FOR IMMEDIATE RELEASE                                                                                                

November 15, 2011

Grays Harbor cleanup complete at Damon Point
Collaboration between multiple partners makes project a success

OLYMPIA, WA - The Washington State Department of Natural Resources (DNR) has removed approximately 130 creosote-treated pilings from the Damon Point Peninsula. The point, located outside of Ocean Shores, is a frequently used public beach that will now be free of the treated pilings that stood offshore and on the tidelands.

Funding for the piling removal effort was provided by a $25,000 grant from the Department of Ecology Coastal Protection Fund, a $10,000 grant from The Nature Conservancy (TNC), and DNR’s Restoration Program.

Partners in action
Cleanup at Damon Point has been part of a larger community-based effort to restore Grays Harbor.
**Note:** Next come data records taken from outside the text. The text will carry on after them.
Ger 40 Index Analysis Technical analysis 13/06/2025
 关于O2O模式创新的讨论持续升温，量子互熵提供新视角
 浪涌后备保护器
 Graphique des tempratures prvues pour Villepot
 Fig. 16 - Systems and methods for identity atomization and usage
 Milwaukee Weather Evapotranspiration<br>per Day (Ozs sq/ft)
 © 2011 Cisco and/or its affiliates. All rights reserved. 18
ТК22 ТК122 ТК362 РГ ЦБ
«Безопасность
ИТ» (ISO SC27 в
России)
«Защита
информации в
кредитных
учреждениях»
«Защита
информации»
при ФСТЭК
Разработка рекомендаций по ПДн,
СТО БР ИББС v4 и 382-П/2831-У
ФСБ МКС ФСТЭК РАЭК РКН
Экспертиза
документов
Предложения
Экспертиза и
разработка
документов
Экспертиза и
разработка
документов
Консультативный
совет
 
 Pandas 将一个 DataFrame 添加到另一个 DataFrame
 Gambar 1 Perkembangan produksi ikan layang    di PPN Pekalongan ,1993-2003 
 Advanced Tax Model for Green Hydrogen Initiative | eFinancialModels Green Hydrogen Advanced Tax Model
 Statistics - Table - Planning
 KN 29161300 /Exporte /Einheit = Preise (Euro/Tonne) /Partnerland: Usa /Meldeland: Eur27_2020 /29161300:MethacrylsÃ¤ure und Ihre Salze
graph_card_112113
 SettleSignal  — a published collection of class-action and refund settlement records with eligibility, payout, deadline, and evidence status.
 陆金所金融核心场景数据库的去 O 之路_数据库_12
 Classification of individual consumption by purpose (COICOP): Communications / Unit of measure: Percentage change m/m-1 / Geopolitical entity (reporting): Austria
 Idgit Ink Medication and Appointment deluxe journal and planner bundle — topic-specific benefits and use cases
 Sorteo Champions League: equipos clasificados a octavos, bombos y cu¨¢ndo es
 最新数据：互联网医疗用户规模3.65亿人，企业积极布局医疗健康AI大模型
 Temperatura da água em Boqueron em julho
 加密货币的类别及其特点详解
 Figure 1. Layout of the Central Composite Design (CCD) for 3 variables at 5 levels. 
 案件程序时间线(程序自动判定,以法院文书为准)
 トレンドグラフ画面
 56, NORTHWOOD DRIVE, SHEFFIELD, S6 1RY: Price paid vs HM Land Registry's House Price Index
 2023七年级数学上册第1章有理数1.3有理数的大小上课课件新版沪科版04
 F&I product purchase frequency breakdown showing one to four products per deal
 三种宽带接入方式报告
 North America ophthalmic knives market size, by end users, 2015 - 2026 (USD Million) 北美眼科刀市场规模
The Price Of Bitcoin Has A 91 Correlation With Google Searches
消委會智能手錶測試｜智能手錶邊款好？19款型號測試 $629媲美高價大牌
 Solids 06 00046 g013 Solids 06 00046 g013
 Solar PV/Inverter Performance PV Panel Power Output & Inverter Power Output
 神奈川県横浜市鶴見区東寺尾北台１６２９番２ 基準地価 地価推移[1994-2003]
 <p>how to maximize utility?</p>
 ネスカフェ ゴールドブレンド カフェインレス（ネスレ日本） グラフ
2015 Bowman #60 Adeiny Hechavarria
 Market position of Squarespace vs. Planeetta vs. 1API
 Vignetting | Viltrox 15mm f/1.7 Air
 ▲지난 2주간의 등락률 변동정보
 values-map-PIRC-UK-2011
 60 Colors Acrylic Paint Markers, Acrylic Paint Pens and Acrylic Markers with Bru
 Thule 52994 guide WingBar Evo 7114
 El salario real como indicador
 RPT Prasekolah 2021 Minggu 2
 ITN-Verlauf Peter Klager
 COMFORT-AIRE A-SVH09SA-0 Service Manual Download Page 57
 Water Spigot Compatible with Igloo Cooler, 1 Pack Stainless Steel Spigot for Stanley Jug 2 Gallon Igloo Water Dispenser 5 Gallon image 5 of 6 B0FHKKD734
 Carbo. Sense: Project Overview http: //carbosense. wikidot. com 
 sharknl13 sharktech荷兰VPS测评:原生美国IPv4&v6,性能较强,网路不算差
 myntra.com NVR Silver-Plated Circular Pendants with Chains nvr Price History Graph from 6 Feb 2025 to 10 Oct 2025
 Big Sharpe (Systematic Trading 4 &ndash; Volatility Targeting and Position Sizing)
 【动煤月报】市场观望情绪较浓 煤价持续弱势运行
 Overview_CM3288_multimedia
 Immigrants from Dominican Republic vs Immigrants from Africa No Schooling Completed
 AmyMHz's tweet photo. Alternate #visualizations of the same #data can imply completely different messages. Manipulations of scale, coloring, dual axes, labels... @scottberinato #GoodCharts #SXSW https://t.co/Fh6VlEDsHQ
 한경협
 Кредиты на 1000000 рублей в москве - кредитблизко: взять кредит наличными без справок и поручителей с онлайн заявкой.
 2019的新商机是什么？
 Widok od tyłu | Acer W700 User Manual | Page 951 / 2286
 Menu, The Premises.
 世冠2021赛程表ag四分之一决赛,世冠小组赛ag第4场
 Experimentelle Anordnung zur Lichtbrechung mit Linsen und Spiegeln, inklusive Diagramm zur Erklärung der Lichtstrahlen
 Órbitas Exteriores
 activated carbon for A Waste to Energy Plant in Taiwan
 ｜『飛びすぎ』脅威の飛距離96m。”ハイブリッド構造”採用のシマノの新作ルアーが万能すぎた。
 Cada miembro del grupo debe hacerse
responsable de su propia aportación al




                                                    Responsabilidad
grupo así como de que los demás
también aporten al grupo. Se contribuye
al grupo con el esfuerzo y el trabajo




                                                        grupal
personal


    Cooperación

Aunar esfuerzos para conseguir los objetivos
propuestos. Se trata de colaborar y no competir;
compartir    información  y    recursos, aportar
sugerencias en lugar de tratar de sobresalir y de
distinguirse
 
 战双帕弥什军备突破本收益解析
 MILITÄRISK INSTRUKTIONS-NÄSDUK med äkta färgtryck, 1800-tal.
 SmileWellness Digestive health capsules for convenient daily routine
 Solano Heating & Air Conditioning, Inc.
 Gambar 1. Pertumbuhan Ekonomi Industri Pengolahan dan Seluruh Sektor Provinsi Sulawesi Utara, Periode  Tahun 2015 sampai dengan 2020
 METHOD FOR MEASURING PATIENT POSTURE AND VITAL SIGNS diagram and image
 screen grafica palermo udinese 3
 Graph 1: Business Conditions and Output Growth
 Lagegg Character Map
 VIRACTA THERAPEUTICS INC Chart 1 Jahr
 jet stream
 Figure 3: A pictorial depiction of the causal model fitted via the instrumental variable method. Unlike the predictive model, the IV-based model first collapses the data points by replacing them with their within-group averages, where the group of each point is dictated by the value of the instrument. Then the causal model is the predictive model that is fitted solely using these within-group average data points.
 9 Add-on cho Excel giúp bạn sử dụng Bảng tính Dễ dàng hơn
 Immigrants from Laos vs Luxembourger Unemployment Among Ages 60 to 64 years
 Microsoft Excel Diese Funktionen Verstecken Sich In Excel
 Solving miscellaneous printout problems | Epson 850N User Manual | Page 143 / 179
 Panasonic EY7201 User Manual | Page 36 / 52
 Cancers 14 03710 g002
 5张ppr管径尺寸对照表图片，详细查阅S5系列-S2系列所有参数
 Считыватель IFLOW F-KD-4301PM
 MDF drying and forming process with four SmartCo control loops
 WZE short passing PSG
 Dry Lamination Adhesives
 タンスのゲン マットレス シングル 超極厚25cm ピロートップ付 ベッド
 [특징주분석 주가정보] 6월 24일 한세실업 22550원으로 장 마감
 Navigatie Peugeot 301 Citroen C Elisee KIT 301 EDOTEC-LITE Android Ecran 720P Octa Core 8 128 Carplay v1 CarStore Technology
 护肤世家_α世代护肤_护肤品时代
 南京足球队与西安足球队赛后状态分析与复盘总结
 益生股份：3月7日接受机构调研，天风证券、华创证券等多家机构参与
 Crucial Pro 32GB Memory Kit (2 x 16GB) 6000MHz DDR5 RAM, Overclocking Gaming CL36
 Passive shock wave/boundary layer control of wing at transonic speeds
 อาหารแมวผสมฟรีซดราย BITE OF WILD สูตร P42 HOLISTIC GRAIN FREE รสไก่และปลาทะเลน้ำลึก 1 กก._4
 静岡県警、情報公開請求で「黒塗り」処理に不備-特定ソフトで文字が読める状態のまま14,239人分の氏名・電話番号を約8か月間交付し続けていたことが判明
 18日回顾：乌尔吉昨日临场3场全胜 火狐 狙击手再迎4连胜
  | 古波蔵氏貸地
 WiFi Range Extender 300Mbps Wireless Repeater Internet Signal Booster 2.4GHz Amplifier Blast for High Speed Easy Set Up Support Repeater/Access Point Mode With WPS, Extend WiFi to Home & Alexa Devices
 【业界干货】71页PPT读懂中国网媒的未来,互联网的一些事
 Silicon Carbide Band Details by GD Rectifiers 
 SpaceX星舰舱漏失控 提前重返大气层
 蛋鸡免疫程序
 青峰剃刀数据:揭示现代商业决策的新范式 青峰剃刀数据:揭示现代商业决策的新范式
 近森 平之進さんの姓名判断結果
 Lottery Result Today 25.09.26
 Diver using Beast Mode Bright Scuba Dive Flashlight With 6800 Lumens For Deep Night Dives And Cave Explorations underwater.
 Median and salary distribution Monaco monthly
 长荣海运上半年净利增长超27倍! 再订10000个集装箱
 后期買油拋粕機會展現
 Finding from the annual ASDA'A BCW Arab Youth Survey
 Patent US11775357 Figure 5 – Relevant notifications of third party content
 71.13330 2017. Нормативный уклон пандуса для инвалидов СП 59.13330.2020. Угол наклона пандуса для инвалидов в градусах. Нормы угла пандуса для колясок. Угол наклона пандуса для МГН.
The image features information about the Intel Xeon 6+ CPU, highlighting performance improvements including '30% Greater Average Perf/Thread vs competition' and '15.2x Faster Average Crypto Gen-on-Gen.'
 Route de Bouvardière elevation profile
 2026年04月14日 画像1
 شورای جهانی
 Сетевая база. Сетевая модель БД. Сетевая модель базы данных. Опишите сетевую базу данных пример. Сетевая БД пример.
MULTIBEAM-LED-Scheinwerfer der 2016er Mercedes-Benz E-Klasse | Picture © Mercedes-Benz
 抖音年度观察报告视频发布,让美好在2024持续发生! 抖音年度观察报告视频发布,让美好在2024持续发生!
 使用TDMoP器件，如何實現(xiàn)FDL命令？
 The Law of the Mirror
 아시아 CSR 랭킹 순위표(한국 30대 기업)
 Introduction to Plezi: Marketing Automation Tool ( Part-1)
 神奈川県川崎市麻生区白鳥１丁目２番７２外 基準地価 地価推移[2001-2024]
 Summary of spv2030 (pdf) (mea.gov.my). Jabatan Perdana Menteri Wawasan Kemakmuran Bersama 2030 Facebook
The Quinault Indian Nation was awarded a $100,000 National Oceanic and Atmospheric Administration (NOAA) Marine Debris Removal Grant to fund inventory and removal of derelict fishing gear within the harbor—including a community-based monitoring and maintenance program.

Project partners matched the awarded grant with an additional $100,000 with further restoration work and surveying. The survey data will be used to produce a comprehensive map of the harbor, helping prioritize piling removal; the Damon Point project is acting as a match toward the NOAA grant.

Creosote
Creosote is a sticky, tar-like substance that contains more than 300 chemicals. Polycyclic aromatic hydrocarbons (PAHs) are the chemicals of most concern found in a creosote pile. These chemicals leach from pilings and beach debris and accumulate in nearby water and sediments that may be toxic to aquatic species and habitat. The objective of this project is to reduce sources of PAHs in the water and sediment by removing piles treated with creosote. Removal of these piles will improve nearshore habitat for forage fish, salmon, and other key species.